Use the tables.insert API method, and create an ExternalDataConfiguration in the Table resource that you pass in.

For the sourceUris property in the Table resource, specify only one Bigtable URI. It must be a valid HTTPS URL.

For the sourceFormatproperty, specify "BIGTABLE".

Java

Before trying this sample, follow the Java setup instructions in the BigQuery quickstart using client libraries. For more information, see the BigQuery Java API reference documentation.

To authenticate to BigQuery, set up Application Default Credentials. For more information, see Set up authentication for client libraries.

import com.google.cloud.bigquery.BigQuery;
import com.google.cloud.bigquery.BigQueryException;
import com.google.cloud.bigquery.BigQueryOptions;
import com.google.cloud.bigquery.BigtableColumn;
import com.google.cloud.bigquery.BigtableColumnFamily;
import com.google.cloud.bigquery.BigtableOptions;
import com.google.cloud.bigquery.ExternalTableDefinition;
import com.google.cloud.bigquery.QueryJobConfiguration;
import com.google.cloud.bigquery.TableId;
import com.google.cloud.bigquery.TableInfo;
import com.google.cloud.bigquery.TableResult;
import com.google.common.collect.ImmutableList;
import org.apache.commons.codec.binary.Base64;

// Sample to queries an external bigtable data source using a permanent table
public class QueryExternalBigtablePerm {

  public static void main(String[] args) {
    // TODO(developer): Replace these variables before running the sample.
    String projectId = "MY_PROJECT_ID";
    String bigtableInstanceId = "MY_INSTANCE_ID";
    String bigtableTableName = "MY_BIGTABLE_NAME";
    String bigqueryDatasetName = "MY_DATASET_NAME";
    String bigqueryTableName = "MY_TABLE_NAME";
    String sourceUri =
        String.format(
            "https://googleapis.com/bigtable/projects/%s/instances/%s/tables/%s",
            projectId, bigtableInstanceId, bigtableTableName);
    String query = String.format("SELECT * FROM %s ", bigqueryTableName);
    queryExternalBigtablePerm(bigqueryDatasetName, bigqueryTableName, sourceUri, query);
  }

  public static void queryExternalBigtablePerm(
      String datasetName, String tableName, String sourceUri, String query) {
    try {
      // Initialize client that will be used to send requests.

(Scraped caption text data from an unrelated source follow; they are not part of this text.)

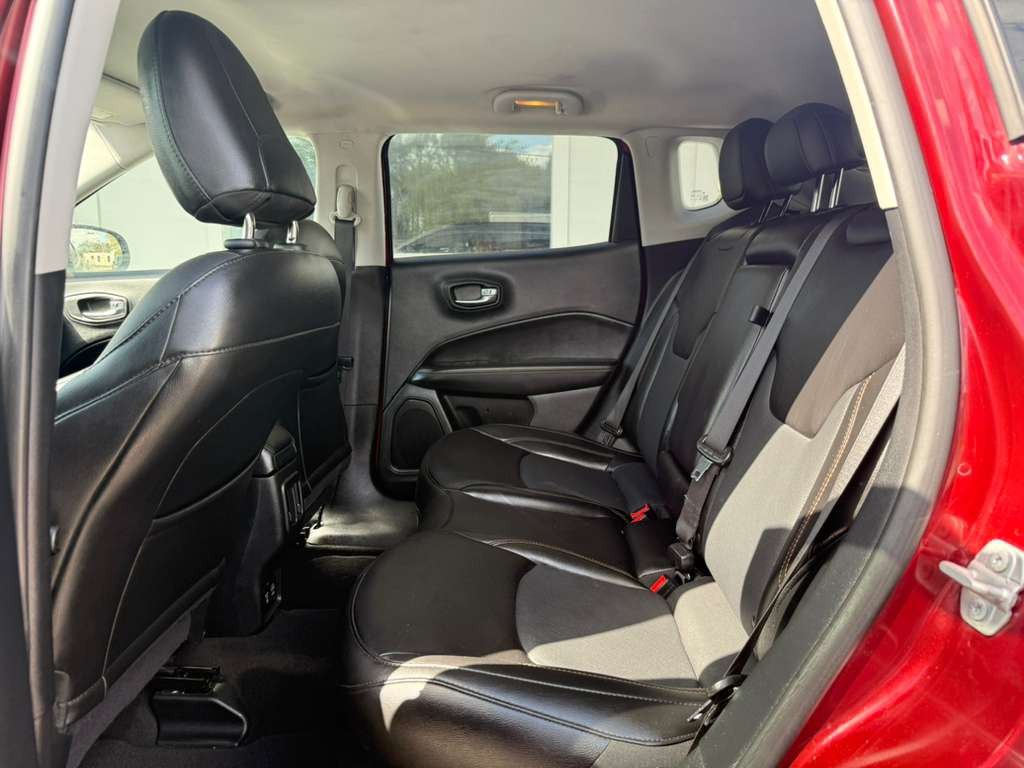 2021 Jeep Compass Image 15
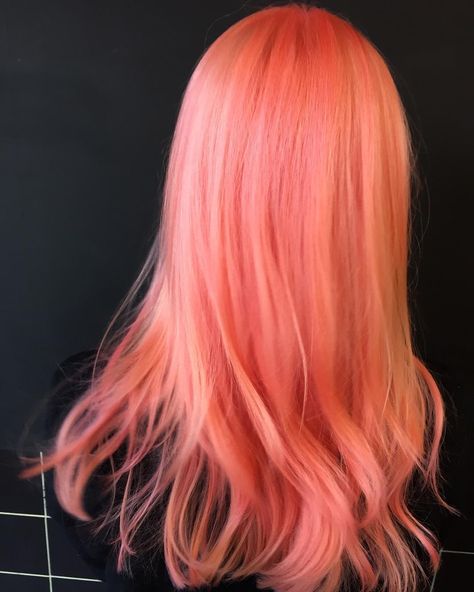 Pastel Hair Color Ideas, Salmon Hair, Brown Ombre Hair Color, Peach Hair Colors, Coral Hair, Bleach London, Brown Ombre Hair, Peach Hair, Hair Color Caramel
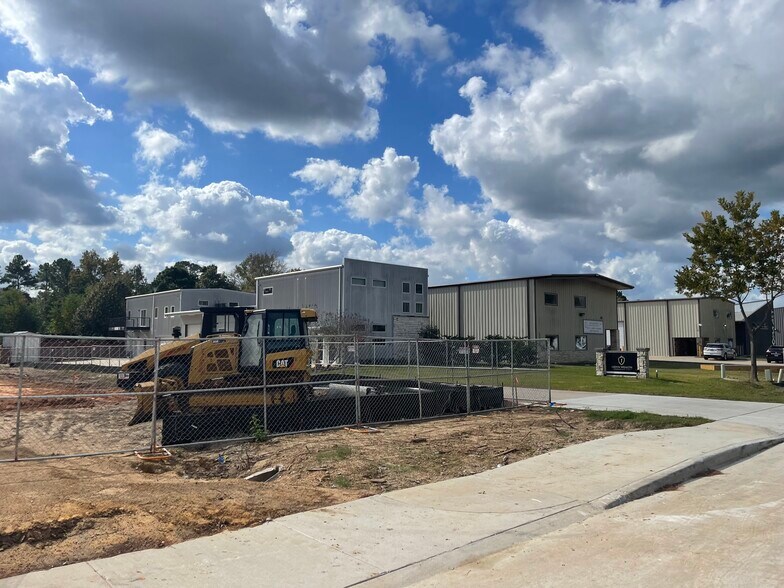 32223 Tamina Rt, Magnolia, TX à louer - Photo du bâtiment - Image 3 de 13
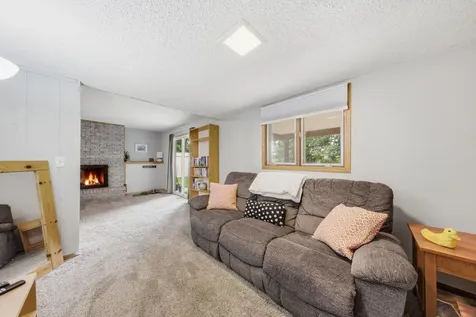2744 Chisholm Avenue North Saint Paul MN 55109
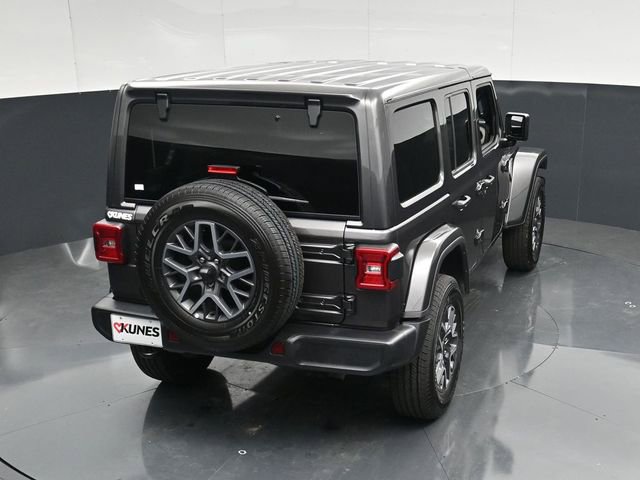 Used 2025 Jeep Wrangler Unlimited Sahara AWD/4WD image 44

This client only needs to be created
      // once, and can be reused for multiple requests.
      BigQuery bigquery = BigQueryOptions.getDefaultInstance().getService();

      BigtableColumnFamily.Builder statsSummary = BigtableColumnFamily.newBuilder();

      // Configuring Columns
      BigtableColumn connectedCell =
          BigtableColumn.newBuilder()
              .setQualifierEncoded(Base64.encodeBase64String("connected_cell".getBytes()))
              .setFieldName("connected_cell")
              .setType("STRING")
              .setEncoding("TEXT")
              .build();
      BigtableColumn connectedWifi =
          BigtableColumn.newBuilder()
              .setQualifierEncoded(Base64.encodeBase64String("connected_wifi".getBytes()))
              .setFieldName("connected_wifi")
              .setType("STRING")
              .setEncoding("TEXT")
              .build();
      BigtableColumn osBuild =
          BigtableColumn.newBuilder()
              .setQualifierEncoded(Base64.encodeBase64String("os_build".getBytes()))
              .setFieldName("os_build")
              .setType("STRING")
              .setEncoding("TEXT")
              .build();

      // Configuring column family and columns
      statsSummary
          .setColumns(ImmutableList.of(connectedCell, connectedWifi, osBuild))
          .setFamilyID("stats_summary")
          .setOnlyReadLatest(true)
          .setEncoding("TEXT")
          .setType("STRING")
          .build();

      // Configuring BigtableOptions is optional.
      BigtableOptions options =
          BigtableOptions.newBuilder()
              .setIgnoreUnspecifiedColumnFamilies(true)
              .setReadRowkeyAsString(true)
              .setColumnFamilies(ImmutableList.of(statsSummary.build()))
              .build();

      TableId tableId = TableId.of(datasetName, tableName);
      // Create a permanent table linked to the Bigtable table
      ExternalTableDefinition externalTable =
          ExternalTableDefinition.newBuilder(sourceUri, options).build();
      bigquery.create(TableInfo.of(tableId, externalTable));

      // Example query
      TableResult results = bigquery.query(QueryJobConfiguration.of(query));

      results
          .iterateAll()
          .forEach(row -> row.forEach(val -> System.out.printf("%s,", val.toString())));

      System.out.println("Query on external permanent table performed successfully.");
    } catch (BigQueryException | InterruptedException e) {
      System.out.println("Query not performed \n" + e.toString());
    }
  }
}

Query external tables

For more information, see Query Bigtable data.

Generated schema

By default, BigQuery exposes the values in a column family as an array of columns and within that, an array of values written at different timestamps. This schema preserves the natural layout of data in Bigtable, but SQL queries can be challenging. It is possible to promote columns to subfields within the parent column family and to read only the latest value from each cell. This represents both of the arrays in the default schema as scalar values.

Example

You are storing user profiles for a fictional social network. One data model for this might be a profile column family with individual columns for gender, age and email:

rowkey | profile:gender| profile:age| profile:email
-------| --------------| -----------| -------------
alice  | female        | 30         | alice@gmail.com

Using the default schema, a GoogleSQL query to count the number of male users over 30 is:

SELECT
  COUNT(1)
FROM
  `dataset.table`
OMIT
  RECORD IF NOT SOME(profile.column.name = "gender"
    AND profile.column.cell.value = "male")
  OR NOT SOME(profile.column.name = "age"
    AND INTEGER(profile.column.cell.value) > 30)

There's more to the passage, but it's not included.